This request for arbitration was also made on behalf of Primero Empresa Minera (PEM), its subsidiary in Mexico. The company indicated that it is based on “Chapter 11 of the North American Free Trade Agreement (NAFTA).”
“Despite repeated attempts by the company to encourage the Mexican government to enter into negotiations in good faith to resolve the conflict, the government has not agreed to do so,” the mining company said in writing.
In addition, the Canadian mining company considers that the government’s actions are contrary to the terms of the Advance Pricing Agreement. In it, the methodology for determining PEM income and taxes for fiscal years 2010 to 2014 was established.
According to the company’s Mexican lawyer, that agreement is still valid based on the Federal Tax Code of Mexico; “Unless and until it is annulled by a court of last resort,” the company said.
However, the disputes between the mining company and the Tax Administration Service (SAT) do not end there. According to its report for the fourth quarter of 2020, the mining company should pay 219.2 million dollars for “the incremental income tax for the years 2010-2018.” That figure is before interest and penalties, without mitigating adjustments.
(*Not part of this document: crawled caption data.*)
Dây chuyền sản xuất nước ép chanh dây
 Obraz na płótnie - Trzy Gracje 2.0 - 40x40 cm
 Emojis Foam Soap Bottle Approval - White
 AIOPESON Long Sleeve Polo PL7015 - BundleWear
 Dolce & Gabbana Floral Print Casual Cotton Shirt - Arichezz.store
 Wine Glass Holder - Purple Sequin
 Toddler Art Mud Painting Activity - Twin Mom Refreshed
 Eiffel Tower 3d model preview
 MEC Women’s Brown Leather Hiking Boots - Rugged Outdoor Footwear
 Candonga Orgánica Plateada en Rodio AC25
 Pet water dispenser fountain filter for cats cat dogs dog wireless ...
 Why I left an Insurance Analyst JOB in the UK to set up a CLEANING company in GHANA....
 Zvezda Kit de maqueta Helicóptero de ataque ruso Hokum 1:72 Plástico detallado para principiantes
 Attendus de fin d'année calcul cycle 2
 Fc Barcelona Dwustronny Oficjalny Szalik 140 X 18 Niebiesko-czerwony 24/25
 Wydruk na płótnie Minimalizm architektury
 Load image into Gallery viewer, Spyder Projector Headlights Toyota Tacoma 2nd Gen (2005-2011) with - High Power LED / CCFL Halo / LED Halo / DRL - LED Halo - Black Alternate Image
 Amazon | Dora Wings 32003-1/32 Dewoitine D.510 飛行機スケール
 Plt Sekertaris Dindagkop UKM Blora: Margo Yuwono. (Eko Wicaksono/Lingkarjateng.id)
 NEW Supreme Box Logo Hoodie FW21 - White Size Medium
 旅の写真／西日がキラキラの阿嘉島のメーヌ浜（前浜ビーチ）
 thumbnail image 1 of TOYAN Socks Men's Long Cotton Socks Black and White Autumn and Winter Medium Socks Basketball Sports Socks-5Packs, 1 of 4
However, in that document First Majestic rejects a “tax liability” related to PEM’s tax dispute with the SAT.
In addition, the company noted that the local government has not wanted to participate in the mutual agreement procedures. These are under three international double tax treaties signed by Mexico.
So, First Majestic instructed its Washington DC international arbitration attorney, Arent Fox, to initiate the process under ICSID rules. Thus, it seeks to constitute a neutral and independent arbitration tribunal to adjudicate the dispute under Chapter 11 of NAFTA with the government of Mexico.